Are you looking for a vibrant city to invest in? Have you thought about what city prospects are looking healthy for real estate investing today? The Austin real estate market is indeed looking healthy and prospering. Whether you are looking for appreciation or cash flow, Austin real estate is looking attractive this year. In fact, Austin has been ranked the hottest real estate market to invest in 2017, according to PwC. This is mainly due to the job growth that is leading the local economy and positively influencing various sectors, real estate in particular. Other reasons include the attractions that the city offers across a wide range of aspects.
Today we delve into Austin real estate to provide you with insights about the local housing market. We recommend that you read below the points that we have formulated to be able to come sound investment decisions. As we go further exploring the local housing market and the drivers of Austin real estate, we go on to provide to you with a list of top neighborhoods to invest in today. Make sure that you assess each and every one carefully before you proceed with your real estate investment. Remember good planning and budgeting is key.
Strong Population Indicators and High Moving in Rates
Austin has been witnessing an increase in its population for years now. The US Census Bureau shows that Austin ranked 9th in 2016 among all US metro areas for population growth. From 2015 to 2016, Austin population grew by 2.9%. This fast growing population is translated into more job growth. Sectors such as healthcare, computer technologies, and energy have been particularly booming.
Employees continue to choose Austin given the abundance of jobs to fit every career path. This has caused more demand for housing, therefore raising property prices. Austin property prices went up by 8% over the past year. Nowadays the median home value in Austin real estate hovers around $350,000. Meanwhile, the median rent price is set high at $1,650, $50 higher than the Austin metro median rent. Although property prices are considered high in Austin, real estate experts expect them to increase even further by another 3% over the next year. We recommend that you invest in Austin real estate now, before property prices go too high.
Job Market Booming
As we mentioned, the job growth in Austin is prospering today. The city is witnessing growth across many sectors and will continue to do so for the upcoming years. Jobs in healthcare, computer technologies, and the energy industry continue to contribute to the job growth, with two thirds of new jobs in the past year in these sectors. Sectors such as energy and computer industry, in particular, provide higher-paying jobs, thus raising the quality of life, which further pushes rent and property prices up.
It is important to note that the job growth is caused by the fast growing population. The sharp increase in population is commensurate with home building. More people are demanding residential real estate properties, therefore causing demand to outstrip the pace of home building. This could potentially harm home buyers and real estate investors alike.
Tight Property Inventory and Fast Selling Homes
The fast growing population and job market have been translated into more demand for housing. In fact, the Austin real estate market has been selling more homes than ever. In fact, Austin property supply continues to decrease despite builders’ effort to keep up. This low inventory of properties has eventually led to an increase in property values. One example can be seen through the starter home market.

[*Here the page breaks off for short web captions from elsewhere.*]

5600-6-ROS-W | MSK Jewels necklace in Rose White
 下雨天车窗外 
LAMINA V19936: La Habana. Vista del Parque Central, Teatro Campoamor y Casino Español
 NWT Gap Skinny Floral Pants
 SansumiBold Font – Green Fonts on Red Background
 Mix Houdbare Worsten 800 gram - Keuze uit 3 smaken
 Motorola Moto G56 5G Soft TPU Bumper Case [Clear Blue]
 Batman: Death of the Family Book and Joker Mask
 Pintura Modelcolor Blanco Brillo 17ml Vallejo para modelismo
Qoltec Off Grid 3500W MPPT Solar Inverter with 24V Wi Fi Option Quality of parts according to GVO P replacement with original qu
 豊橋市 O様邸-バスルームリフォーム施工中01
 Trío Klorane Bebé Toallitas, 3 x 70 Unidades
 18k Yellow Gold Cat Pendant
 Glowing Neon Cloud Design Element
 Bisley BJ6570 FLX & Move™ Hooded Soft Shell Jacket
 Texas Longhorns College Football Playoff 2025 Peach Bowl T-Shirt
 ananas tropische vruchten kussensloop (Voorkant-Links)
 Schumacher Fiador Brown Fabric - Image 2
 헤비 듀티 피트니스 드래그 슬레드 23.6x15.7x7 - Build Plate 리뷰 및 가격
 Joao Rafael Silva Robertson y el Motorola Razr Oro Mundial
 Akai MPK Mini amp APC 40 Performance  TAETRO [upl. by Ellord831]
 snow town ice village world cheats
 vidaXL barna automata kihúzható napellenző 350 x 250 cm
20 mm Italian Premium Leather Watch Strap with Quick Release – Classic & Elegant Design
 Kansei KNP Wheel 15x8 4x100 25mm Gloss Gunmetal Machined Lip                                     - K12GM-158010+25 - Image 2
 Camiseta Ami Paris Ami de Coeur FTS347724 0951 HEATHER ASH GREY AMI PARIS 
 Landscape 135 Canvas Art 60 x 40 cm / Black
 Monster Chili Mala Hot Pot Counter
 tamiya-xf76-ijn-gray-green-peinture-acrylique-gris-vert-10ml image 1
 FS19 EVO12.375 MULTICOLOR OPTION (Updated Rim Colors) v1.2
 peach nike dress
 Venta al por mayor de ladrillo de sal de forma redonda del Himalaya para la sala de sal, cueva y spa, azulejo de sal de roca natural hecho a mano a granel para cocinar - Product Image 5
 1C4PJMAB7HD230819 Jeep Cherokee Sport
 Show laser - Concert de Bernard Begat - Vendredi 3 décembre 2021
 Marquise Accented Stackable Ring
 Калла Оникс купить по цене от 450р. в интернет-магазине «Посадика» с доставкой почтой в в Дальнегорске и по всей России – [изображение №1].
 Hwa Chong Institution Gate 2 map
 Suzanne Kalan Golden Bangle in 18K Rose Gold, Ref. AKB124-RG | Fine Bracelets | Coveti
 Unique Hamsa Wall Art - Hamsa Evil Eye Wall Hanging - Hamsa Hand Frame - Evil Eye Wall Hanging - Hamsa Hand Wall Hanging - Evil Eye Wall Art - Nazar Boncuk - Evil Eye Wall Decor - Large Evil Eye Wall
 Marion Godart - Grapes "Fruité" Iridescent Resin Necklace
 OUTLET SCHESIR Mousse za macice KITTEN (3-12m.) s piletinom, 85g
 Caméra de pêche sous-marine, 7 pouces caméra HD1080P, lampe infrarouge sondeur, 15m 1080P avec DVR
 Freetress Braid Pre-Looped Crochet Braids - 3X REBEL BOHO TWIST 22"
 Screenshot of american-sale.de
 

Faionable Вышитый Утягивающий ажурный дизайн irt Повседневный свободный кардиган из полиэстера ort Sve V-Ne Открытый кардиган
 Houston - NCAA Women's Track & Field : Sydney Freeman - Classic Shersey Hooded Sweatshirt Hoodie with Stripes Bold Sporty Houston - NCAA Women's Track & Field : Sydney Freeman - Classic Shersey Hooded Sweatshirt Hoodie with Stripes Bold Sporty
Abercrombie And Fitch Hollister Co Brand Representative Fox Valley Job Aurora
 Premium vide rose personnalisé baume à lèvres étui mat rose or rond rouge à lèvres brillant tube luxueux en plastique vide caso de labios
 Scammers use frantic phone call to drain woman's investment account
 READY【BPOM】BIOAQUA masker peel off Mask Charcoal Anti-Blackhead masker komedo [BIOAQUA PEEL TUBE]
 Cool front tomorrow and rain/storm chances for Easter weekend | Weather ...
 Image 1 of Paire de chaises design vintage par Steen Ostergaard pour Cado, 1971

Austin real estate has been seeing an enormous drop in the availability of starter home inventory. Data shows that the average median price of a starter home in Austin hovers around $180,000. This is about $20,000 more than the national median price for a starter home. Although prices are higher than the national average, the increase the Austin real estate market has been witnessing has been steady and only requiring 4% increase in income to afford a starter home, as compared to 2012.
Austin’s Top Attractive Neighborhoods
Although the median home price has increased by 20% from that of last year, hovering at around $800,000, the attractions and historical sites continue to create demand for Austin real estate in Windsor Road. About 53% of Windsor Road real estate investors are home owners as opposed to rental investors. The high median rent that is about $1,600/month provides a good explanation of the high percentage of home owners. Overall, the neighborhood’s excellent educational system and enabling environment have attracted more families to move into it.
Allandale is a more affordable option with median home value ranging about $350,000. The neighborhood has a higher percentage of home owners (64%) versus renters. Many families continue to invest in Allandale given how quiet and affordable the neighborhood is, not to neglect the advantage of being in close proximity to busier neighborhoods like Hyde Park. The neighborhood is ranked the 3rd best neighborhood to raise a family in, according to Niche, this year. If you are looking for a quiet neighborhood to start a family, then begin here.
Close in proximity to Downtown, Highland Hills enjoys unique conventional and unassuming home designs and architecture. This has made the neighborhood more beautiful and appealing to real estate investors. Consequently, Highland Hills has higher median home price than other locations around, with median home price reaching $700,000. Although expensive, Highland Hills continues to attract many families for its restful atmosphere, meandering creeks, and wildlife.
The fast growing population has aided in the growth of the job market in Austin. This, in turn, translated into more demand for housing, which caused home prices to increase. People, however, continue to flow into the city for the prolific opportunities it offers. We recommend that you make a move today may you want to pursue Austin real estate investments. Hurry before property prices are too high!